Rossi A. Hassad, PhD, MPH, is an epidemiologist and professor at Mercy College, in Dobbs Ferry, N.Y. He is a member of the American College of Epidemiology, and a fellow and Chartered Statistician of the Royal Statistical Society, U.K.




After digesting all that, one must begin to think about how UNseparate we are from everything else.  Evidence of evolution is now demonstrating -- disconcertingly -- that some of it is change “sideways” between creatures or even coming into creatures from plants.  We didn’t know that falcons and parrots both evolved from the same genome, responding to different environmental pressure.  We’re only beginning to understand what genomic complex potentials are constantly responding to the forces around them, the susceptibilities they carry possibly being advantages that confer survival, like sickle cell anemia that prevents against malaria.  If bats turn out to be the ebola reservoir and therefore we kill all the bats, we have no idea what the ecological consequences would be.

Medicare just sent me a questionnaire.  It is very similar to the one the Nurse Practitioners used to give me a “do-not-touch” checkup.  Their computer questionnaire wanted to know whether I used my seatbelt, whether I had a nightlight, whether my throw rugs were stabilized.  They are worried I will fall.   If I do, it will because of the stack of reading material by my reading chair.  They did not ask me about that.

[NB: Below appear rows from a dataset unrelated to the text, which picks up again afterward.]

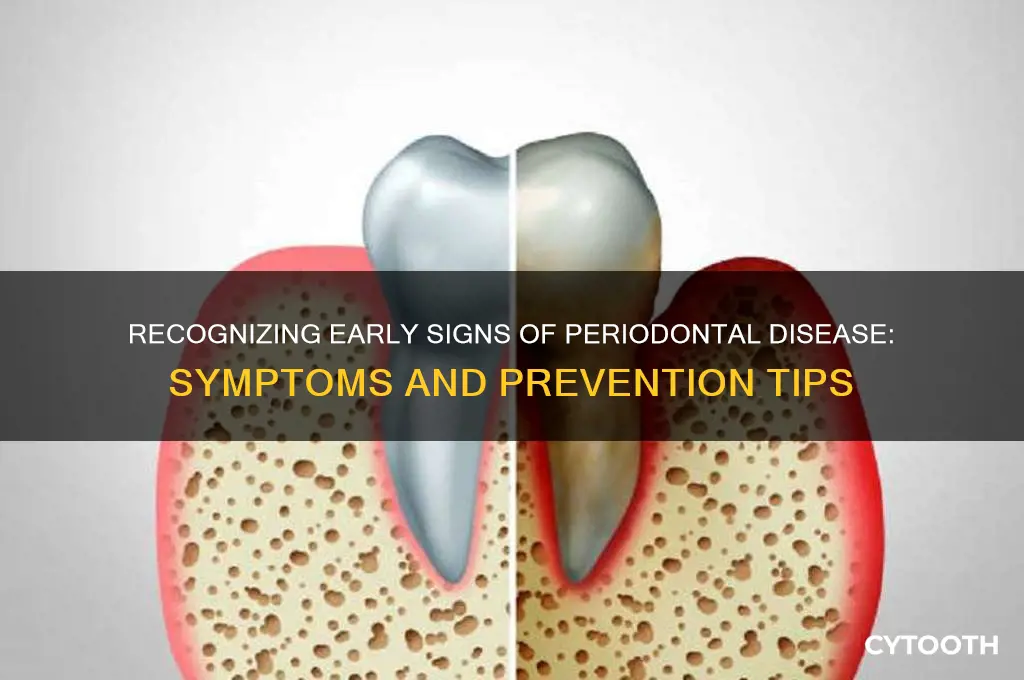 what are the signs of periodontal disease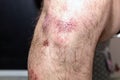 Abrasions on the foot of a man after a blow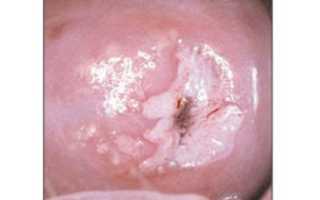 Белые пятна на шейке матки: причины возникновения, диагностика и лечение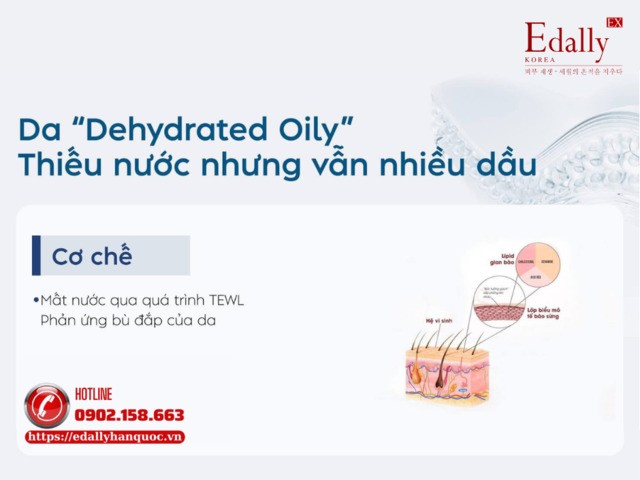Sau hè làn da thường gặp phải vấn đề “Dehydrated Oily” - Thiếu nước nhưng vẫn nhiều dầu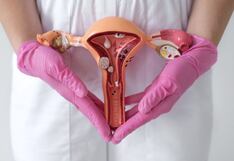 Cáncer de cuello uterino: medidas de prevención que debe conocer
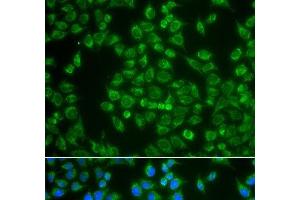 Immunofluorescence analysis of A549 cells using MAP4K3 Polyclonal Antibody (MAP4K3 anticorps)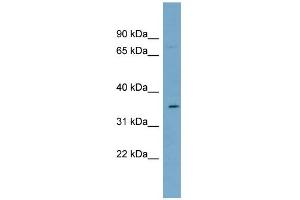 WB Suggested Anti-SLC39A2 Antibody Titration:  0. (ZIP2 抗体  (N-Term))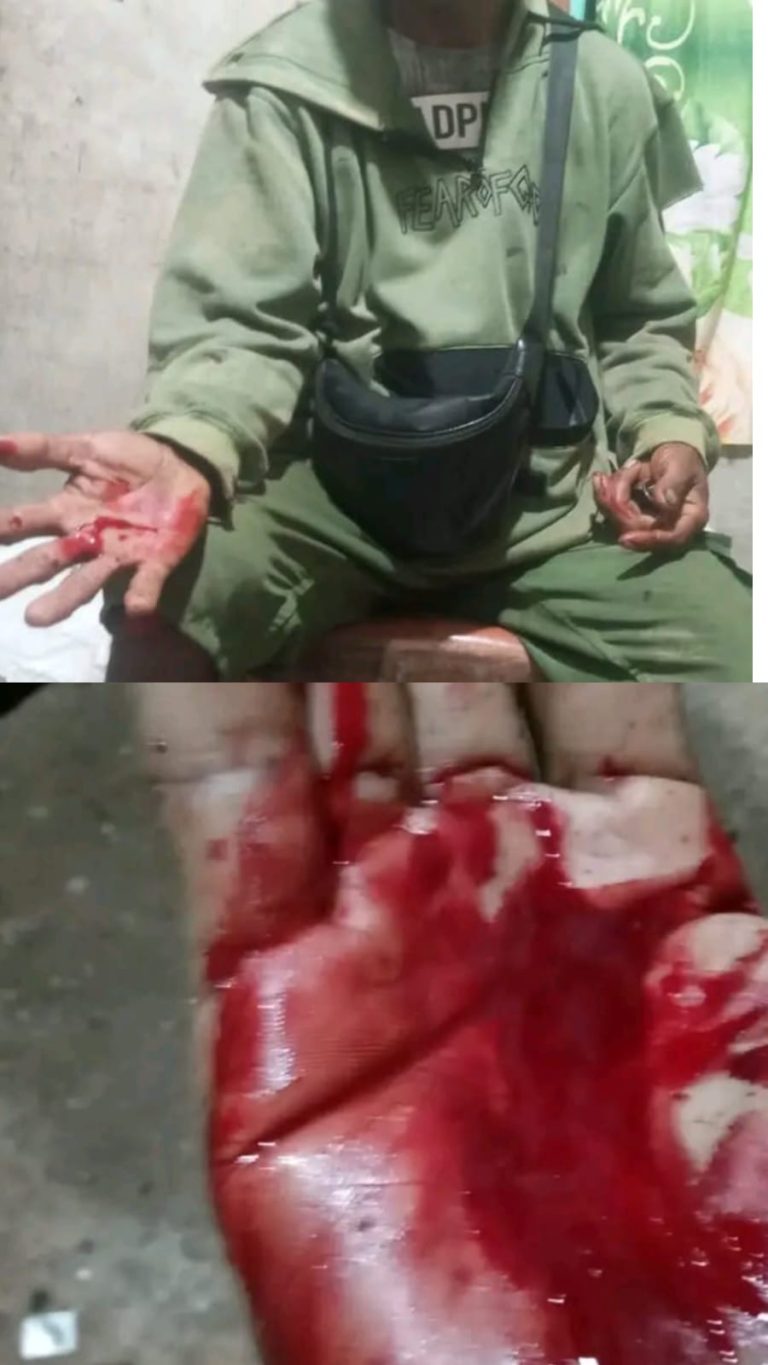 PMKRI Malaka Desak Kapolsek Laen Manen Tangkap Oknum Kades Nauke Kusa Terkait Dugaan Penganiayaan Warga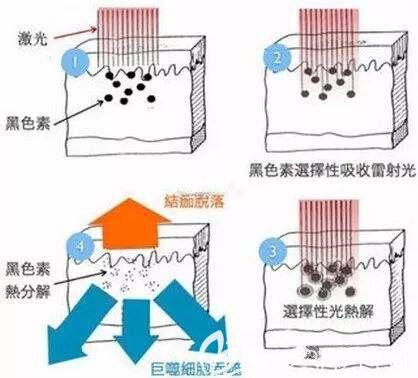 激光祛斑原理介紹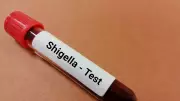Shigella Cases Rise in Kerala's Wayanad: 16 Children Infected Amid West Nile Scare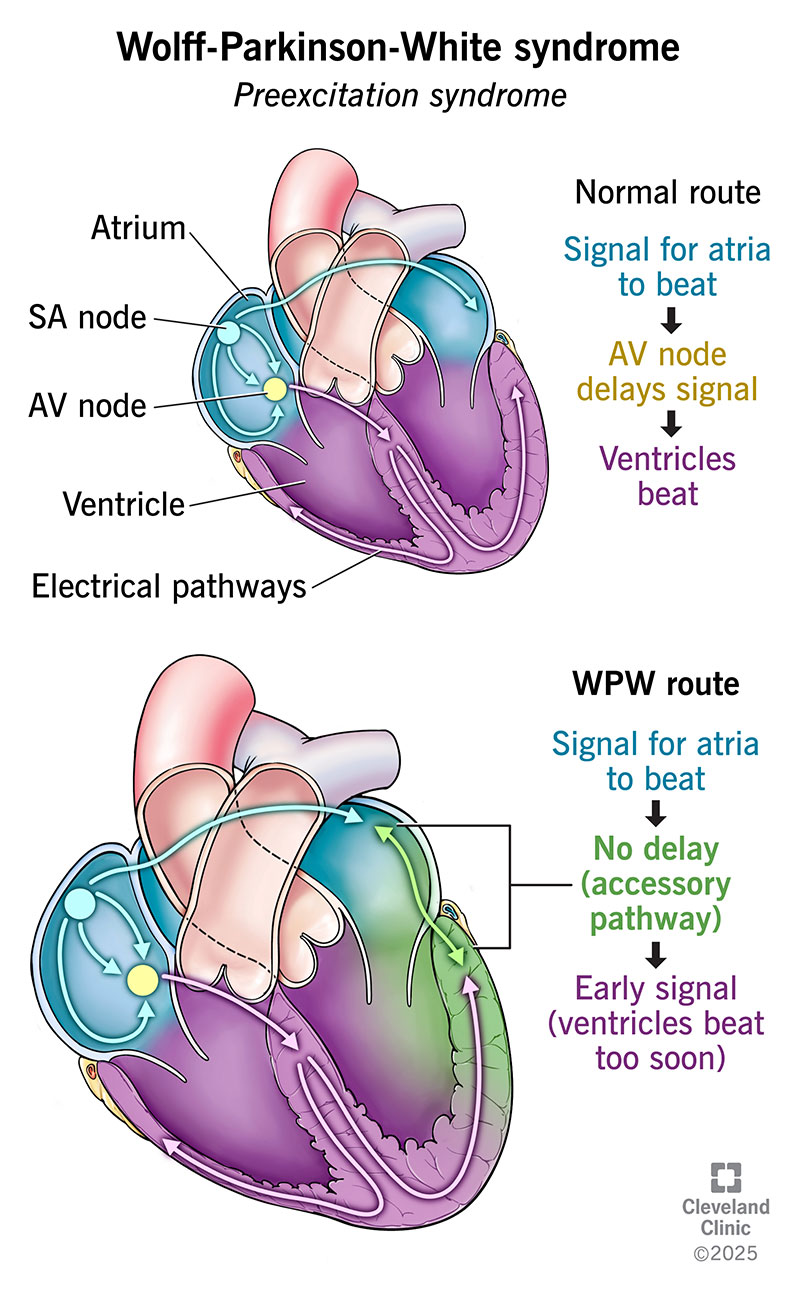 Your heart beats too quickly if you have Wolff-Parkinson-White syndrome.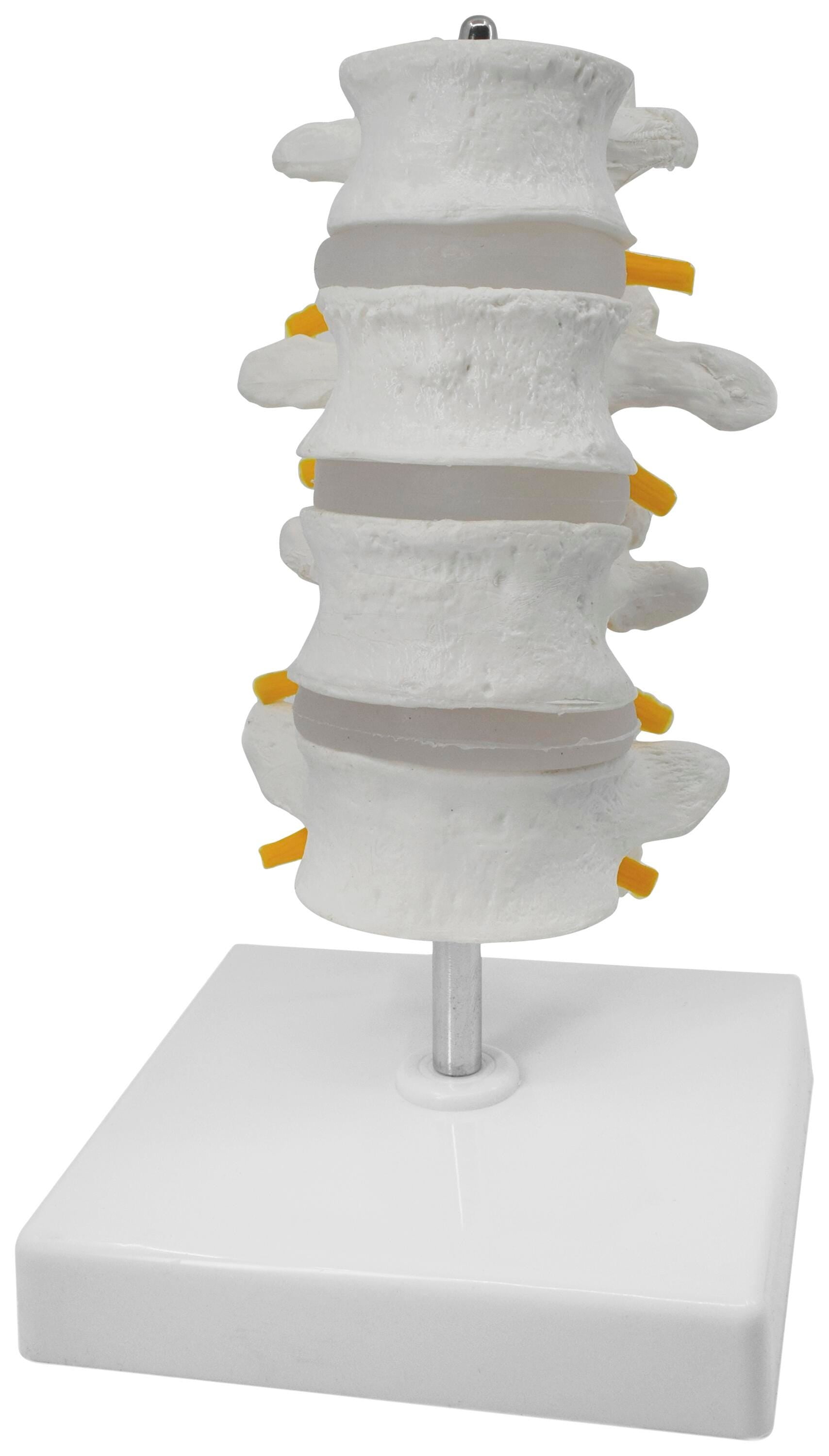 MODEL 4 LUMBAR VERTEBRAE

This mail questionnaire doesn’t ask me about my sex life.  (Those two nurses and I got a little ribald.)  They wanted to know whether I were happy.  There was no way to say I was "trans-gender" -- I’m not, but how do they know, if they can’t tell whether I’m male or female without me checking the box.  There were maybe twenty options for ethnic self-identification but “black” or “African” was not on the list.  Instead there were more than ten kinds of Asian.  So once again, people think they are doing research when all they are doing is confirming their expectations.  

How long before we are required to mail in our genome which will be interpreted by a robot computer that will ORDER us to do something thought to be an effective compensation for bad genes.



Quite likely what comes next will be totally unexpected.  We didn’t expect diabetes on today’s scale, we didn’t expect ebola to go anywhere, we didn’t expect HIV, and we didn’t expect doctors to be replaced by nurses.  What we expected was for some heroic doc (possibly played by Robin Williams) to find a magic vaccine.  But Robin Williams is dead.  We didn't expect that.